Compare the following cases, dealing with the Fifth Amendment privilege in relation to comparable records: Hyster v. United States, 9 Cir., 1964, 338 F.2d 183; Wild v. Brewer, 9 Cir., 1964, 329 F.2d 924; United States v. Goldberg, 3 Cir., 1964, 330 F.2d 30.
Henzel v. United States, 5 Cir., 1961, 296 F.2d 650, and Villano v. United States, 10 Cir., 1962, 310 F.2d 680, are different. In those cases, the records were seized from the personal premises of the accused. Not so here. See also Peel v. United States, 5 Cir., 1963, 316 F.2d 907, 909, which limits Henzel.

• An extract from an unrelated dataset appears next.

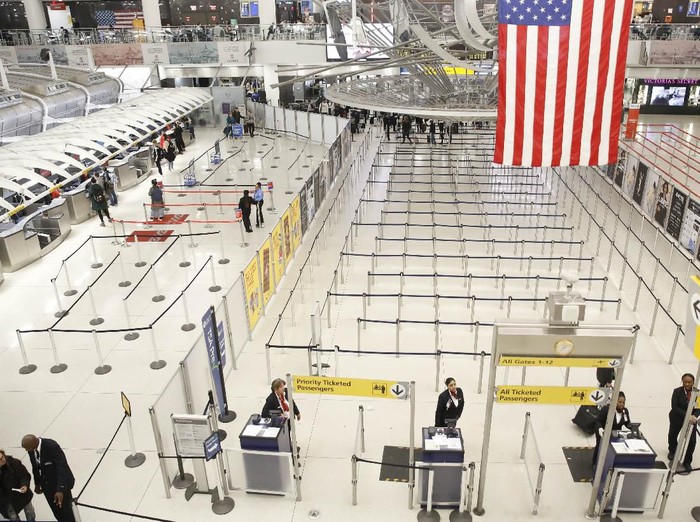 Upaya Penyelamatan Dramatis: Kebakaran Bandara JFK Mengancam Nyawa, Ratusan Orang Dievakuasi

Hill's due process contention is based on his claim that the records were out of his possession from April, 1959 until after he was indicted in February of 1964, and that many of the records, favorable to him, had disappeared. He does not specify any particular records as being missing, or how they would be helpful to him if available. He does not even direct his charge that records are missing to particular things that should have been in the specific files, relating to the several victims named in the 29 counts of the indictment, that were used against him. Hill was given access to all the papers that the government had, in advance of trial. We cannot predicate a holding that Hill was deprived of due process upon so flimsy a foundation.